BRIEF - Copy nothing but the lines from the one containing "Photo of Kitchen in Tilbury" through the last line of the records, repeated exactly and without pictures.

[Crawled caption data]
**********
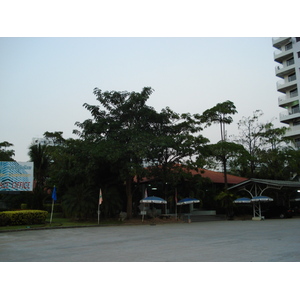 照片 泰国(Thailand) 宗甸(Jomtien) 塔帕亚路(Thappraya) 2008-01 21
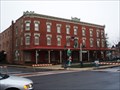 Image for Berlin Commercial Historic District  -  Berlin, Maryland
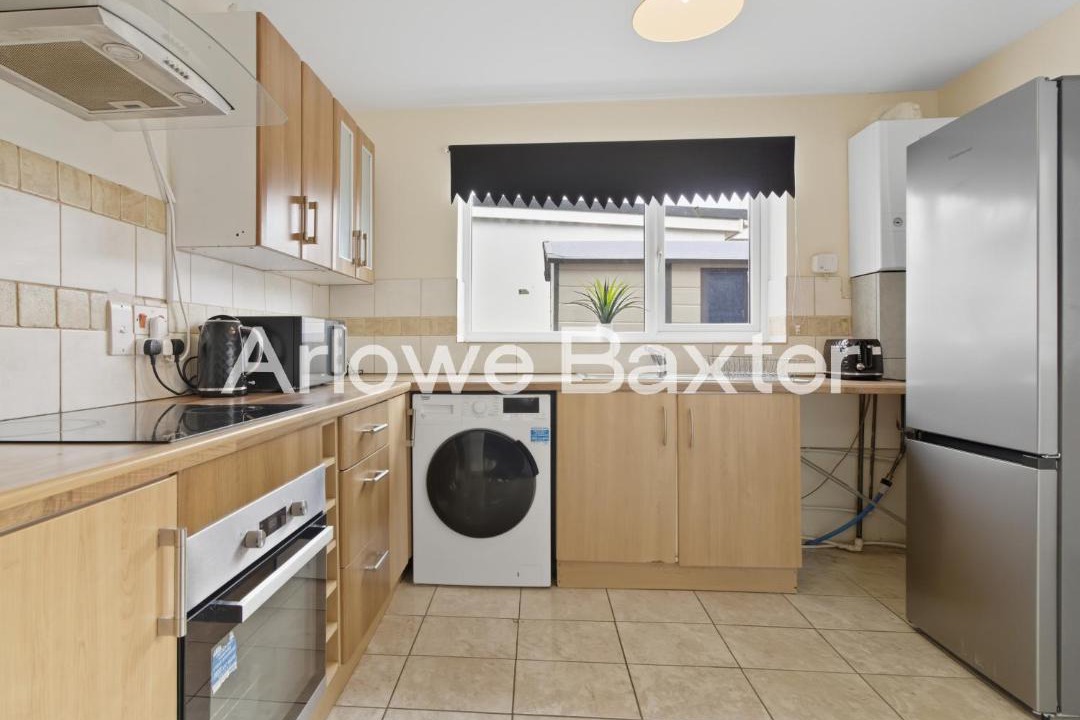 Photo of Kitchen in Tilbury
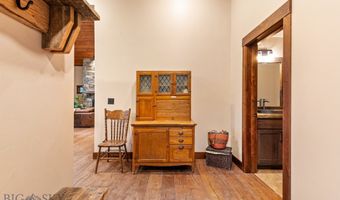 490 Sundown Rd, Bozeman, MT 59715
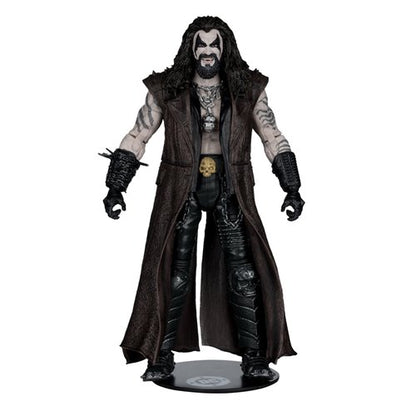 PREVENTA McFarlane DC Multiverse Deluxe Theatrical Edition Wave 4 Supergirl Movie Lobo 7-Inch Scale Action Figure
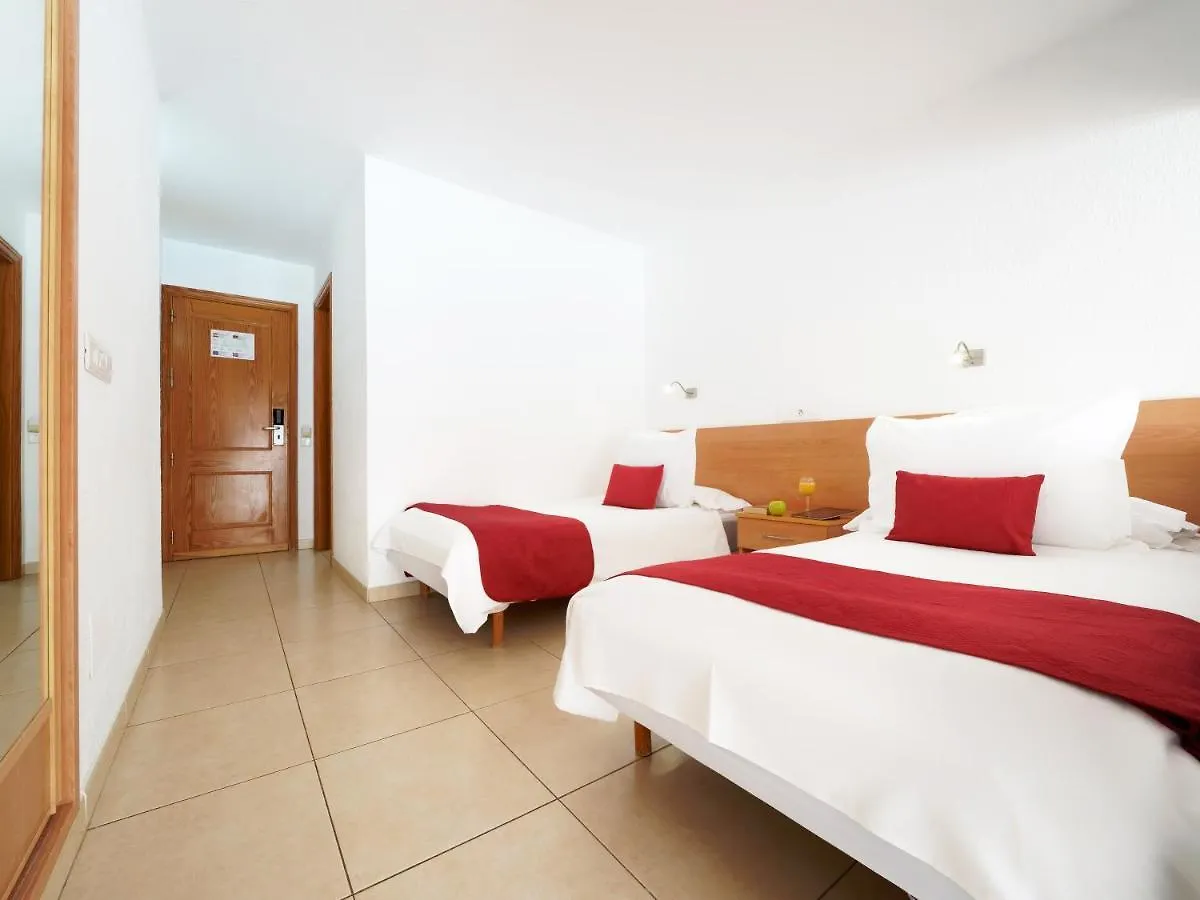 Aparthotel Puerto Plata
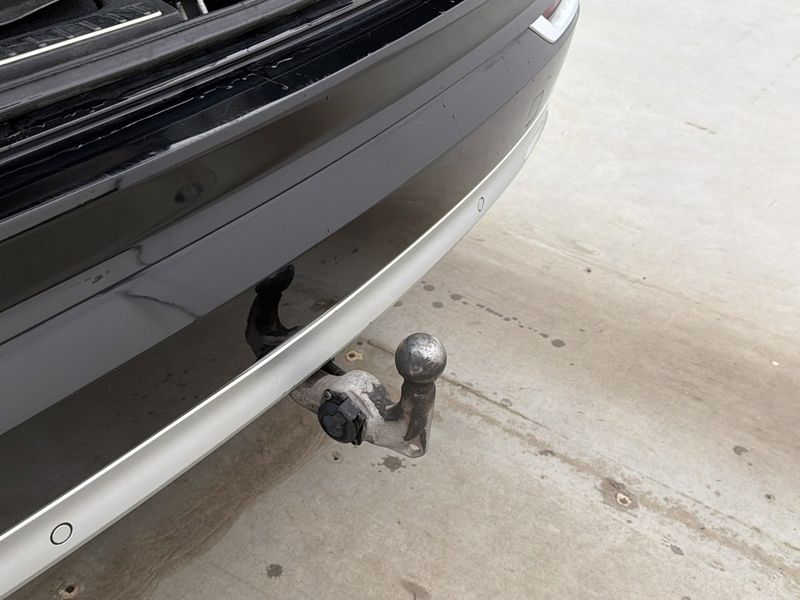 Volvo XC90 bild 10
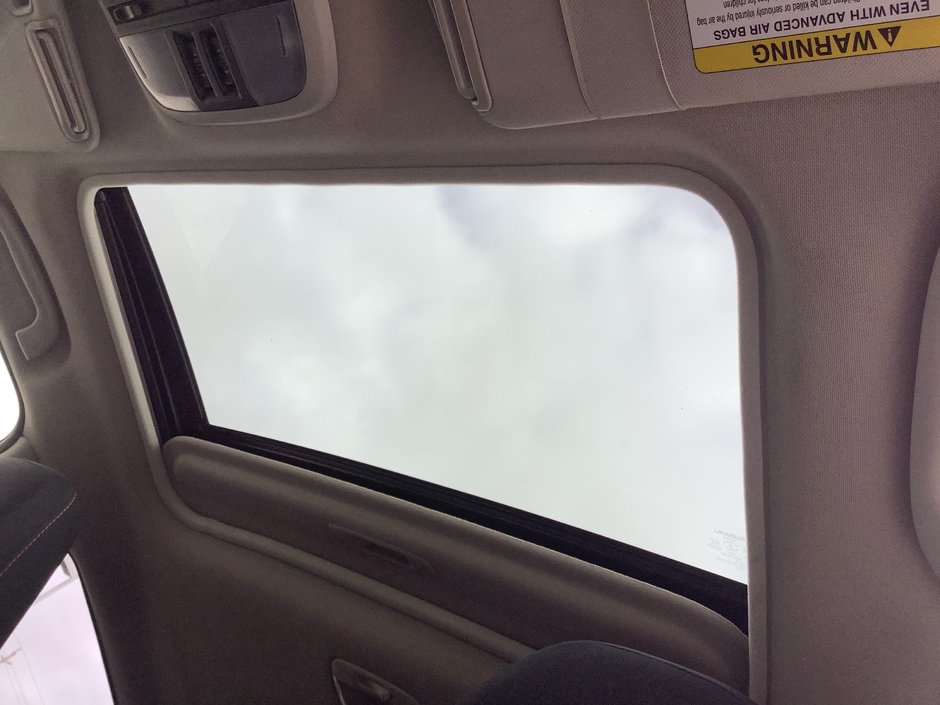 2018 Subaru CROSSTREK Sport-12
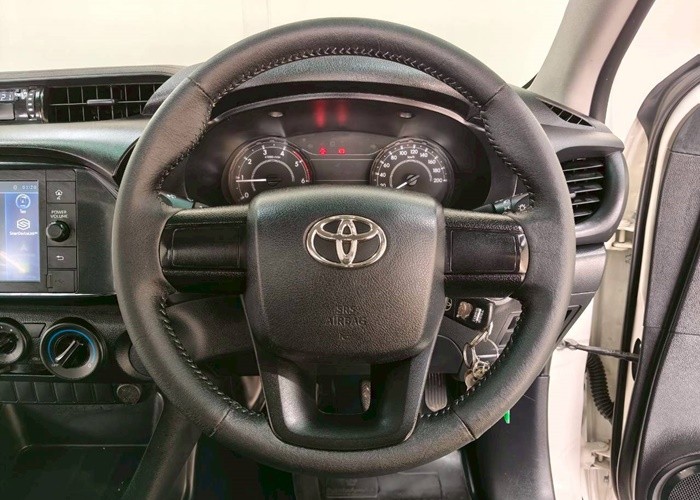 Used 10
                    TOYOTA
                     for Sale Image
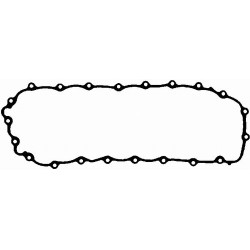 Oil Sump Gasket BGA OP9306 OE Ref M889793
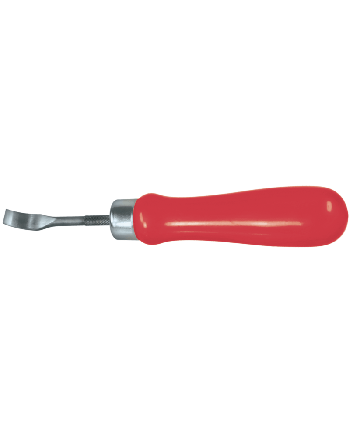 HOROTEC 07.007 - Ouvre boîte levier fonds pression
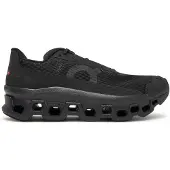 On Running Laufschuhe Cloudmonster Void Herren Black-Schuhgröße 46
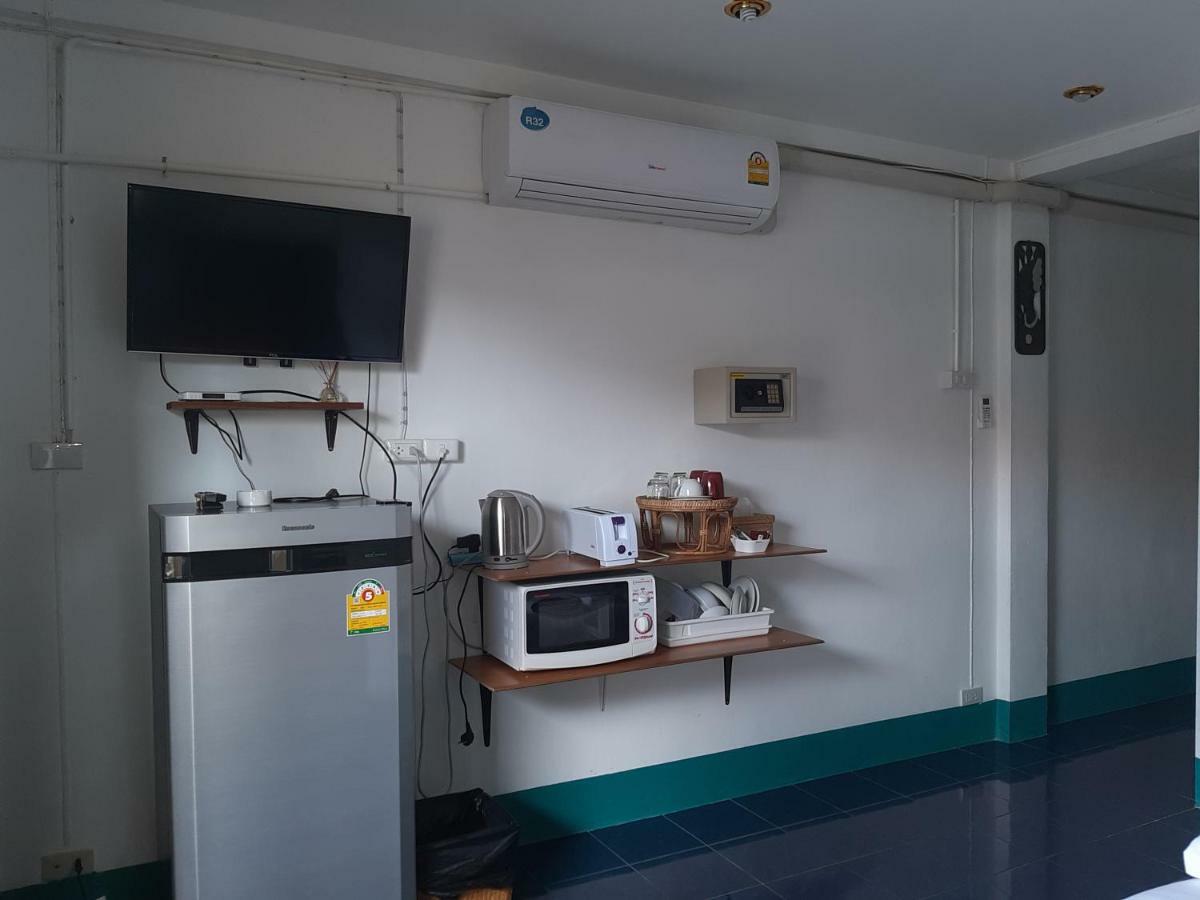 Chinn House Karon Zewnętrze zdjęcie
**********
RESPONSE TO THE TASK -
 Photo of Kitchen in Tilbury
 490 Sundown Rd, Bozeman, MT 59715
 PREVENTA McFarlane DC Multiverse Deluxe Theatrical Edition Wave 4 Supergirl Movie Lobo 7-Inch Scale Action Figure
 Aparthotel Puerto Plata
 Volvo XC90 bild 10
 2018 Subaru CROSSTREK Sport-12
 Used 10
                    TOYOTA
                     for Sale Image
 Oil Sump Gasket BGA OP9306 OE Ref M889793
 HOROTEC 07.007 - Ouvre boîte levier fonds pression
 On Running Laufschuhe Cloudmonster Void Herren Black-Schuhgröße 46
 Chinn House Karon Zewnętrze zdjęcie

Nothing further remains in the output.